I give her a hard look. “Does it really count when she does not even know what she is doing?”
Undaunted, Grandmother says, “When the outcome is consistently the desired one, does it truly matter if it was done with or without the knowledge of the mechanics behind it? I do not know the mechanics of that toaster over there, but I trust that it would brown my bread if I desired it to do that.”
Xandra does not seem to like the toaster comparison considering she has drawn a god awful amount of magic into her in response. Pointing at Xandra I say to Grandmother, “Do you feel that? That is how much magic she pulls when she is only a little upset. When she is truly angry, she pulls too much to control or contain.”
Eyes flashing with anger, Xandra is the one to respond. “What would you like me to do to show you how much control I have right this minute? How about this?”
“Damn it.” I push back my chair and stand up in an effort to avoid the hot tea that Xandra has thrown at me from burning me in uncomfortable places. Which everyone in the room seems to find funny. Well then, they are going to love this. Her hot chocolate should be lukewarm by now which means being doused with it will not hurt her. Though, her hair dripping with the brown fluid is not the best look for her. I feel a hundred percent better now as I grin at her. Still, I am not stupid. I prepare myself for whatever is coming next from her.
“That’s wicked.

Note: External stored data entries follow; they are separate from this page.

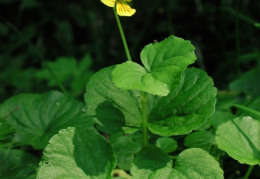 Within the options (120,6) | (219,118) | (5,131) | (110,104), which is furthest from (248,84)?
(5,131)

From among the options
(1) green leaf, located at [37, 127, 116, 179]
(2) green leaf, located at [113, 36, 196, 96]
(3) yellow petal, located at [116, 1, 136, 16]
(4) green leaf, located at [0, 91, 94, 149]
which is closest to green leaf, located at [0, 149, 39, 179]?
(4) green leaf, located at [0, 91, 94, 149]

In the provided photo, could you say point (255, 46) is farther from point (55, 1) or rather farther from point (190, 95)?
point (55, 1)

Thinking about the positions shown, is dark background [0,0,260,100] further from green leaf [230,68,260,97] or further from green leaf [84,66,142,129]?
green leaf [84,66,142,129]

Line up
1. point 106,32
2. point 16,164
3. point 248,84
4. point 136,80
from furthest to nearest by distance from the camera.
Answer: point 106,32, point 248,84, point 16,164, point 136,80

Xandra, you have to show me how to do that!” her brother Zac says, running into the room. I believe he may have just saved me from whatever atrocious thing Xandra was thinking about doing.
Xandra, who seems to be in better humor now, turns to him. “Sorry, buddy, you have to wait until you’re seventeen to have your magic unbound. Then you can have as many food fights as you want.” I can’t help but shake my head at the archaic Witch custom. Children should be taught to control their magic as it grows, not have it shoved upon them when they reach a certain age.

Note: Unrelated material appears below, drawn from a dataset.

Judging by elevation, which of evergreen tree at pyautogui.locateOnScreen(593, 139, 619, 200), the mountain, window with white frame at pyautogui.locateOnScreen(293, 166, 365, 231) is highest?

“That sucks,” the boy pouts. Turning towards his mother, he says, “Can I come out of my room now? There’s nothing to do in there.”
Xandra interrupts her mother’s answer. “Actually, we were just going to go outside and see whose magic is better, mine or Kallen’s. Why don’t you get your coat and boots on and you can join us.” To me, she says, “Are you ready?”
I laugh. “You seriously want to do this? I am not going to go easy on you. I will show you how a Pooka warrior will fight.”
I see doubt pass through her eyes but she nods. “I seriously do.” I certainly love her courage.
I incline my head and wave my arm towards the door. This should be fun. “Alright, after you.” As I speak, I dry the uncomfortable wet spots on my clothes and attire myself in winter wear. That is one aspect of Grandmother’s plan that I do not find objectionable. A change in climate would be nice.